Warning: The following images are disturbing. 

Many well-meaning people consume eggs with the notion that because they’re not meat, no animal was harmed in their production. Well, this is exactly what the egg industry would like consumers to believe. They even often go as far as “humane washing” eggs by using misleading product packaging with illustrations of happy hens in the grass, or by using clever labels. The truth is that all eggs sold at a grocery store were mostly likely products of immense suffering for animals—regardless of what’s on their packaging. 

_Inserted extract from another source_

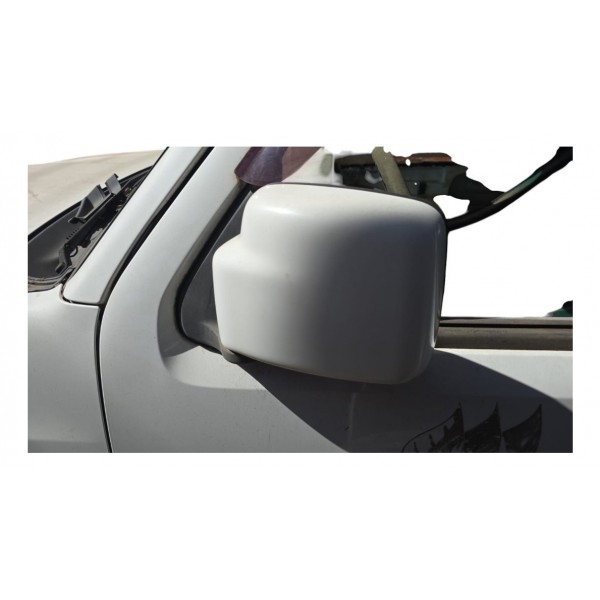 Retrovisor Esquerdo Jimny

Here are three images that the egg industry doesn’t want you to see: 

HENS LANGUISH WITHOUT VETERINARY CARE: Due to their unnatural living conditions, hens in the egg industry suffer from a variety of injuries and health problems. Caged hens are forced to live nearly their whole lives on wire floors that often cause their sensitive feet to become deformed. Due to the unnaturally excessive amount of eggs they lay, many suffer from brittle bones due to calcium deficiency. And, as pictured above, sometimes the birds become “egg bound,” meaning that an egg has become stuck inside the hen’s body. This is an extremely painful condition, but because animals in the egg industry typically receive little to no veterinary care, they will die in agony. 

BABIES GROUND UP, CRUSHED, OR SUFFOCATED: Male chicks born into the egg industry are considered useless because they can’t lay eggs and aren’t the breed used for meat. Therefore, shortly after hatching they’re tossed into trash bags to suffocate to death or they’re ground up or shredded alive. France recently committed to banning this practice and using in-ovo sexing technology instead, which allows workers to tell the sex of chicks before they hatch and are able to feel pain. Spain is also working toward a ban, but in the United States this practice is still commonplace.  

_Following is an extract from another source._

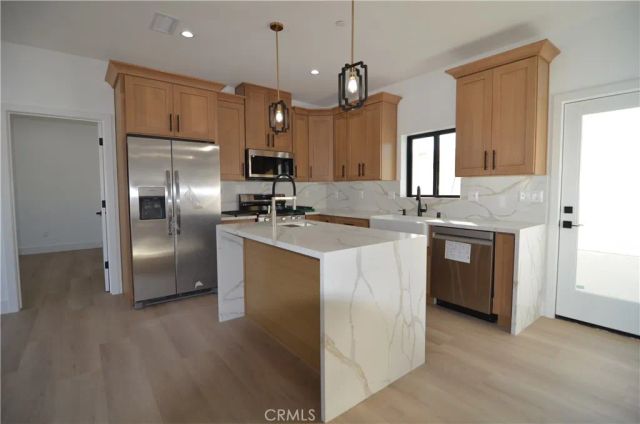 1307 Greenwood Ave, Torrance, CA 90503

A LIFE OF MISERY: Most hens in the egg industry will likely never experience happiness. They’re hatched in incubators and will never meet their mothers. The ends of their sensitive beaks are seared off with a hot blade, and then, they’ll likely be crammed into battery cages with hardly enough space to spread their wings. The cages are often stacked on top of each other, allowing urine and feces to fall onto the birds in the lower cages.

In efforts to improve the lives of millions of hens around the world, Animal Equality’s corporate outreach team has been working with companies and has successfully convinced many major retailers to commit to using only “cage-free” eggs. This is a great step in the right direction, but all eggs sold at a grocery store are likely a product of immense suffering. Hens on “cage-free” farms are usually crammed by the thousands into filthy, dimly-lit sheds where they’re denied fresh air and sunlight. Their reproductive systems are exploited to make a profit for about two years. After that they’ll be sent to slaughter. 

YOU CAN MAKE A DIFFERENCE: The egg industry works hard to hide what it does, but now that you know the truth, what will you do? You can stop contributing to this cruelty simply by avoiding eggs. There are tons of easy ways to replace eggs when baking, and you can also enjoy one of the many scrambled egg substitutes on the market.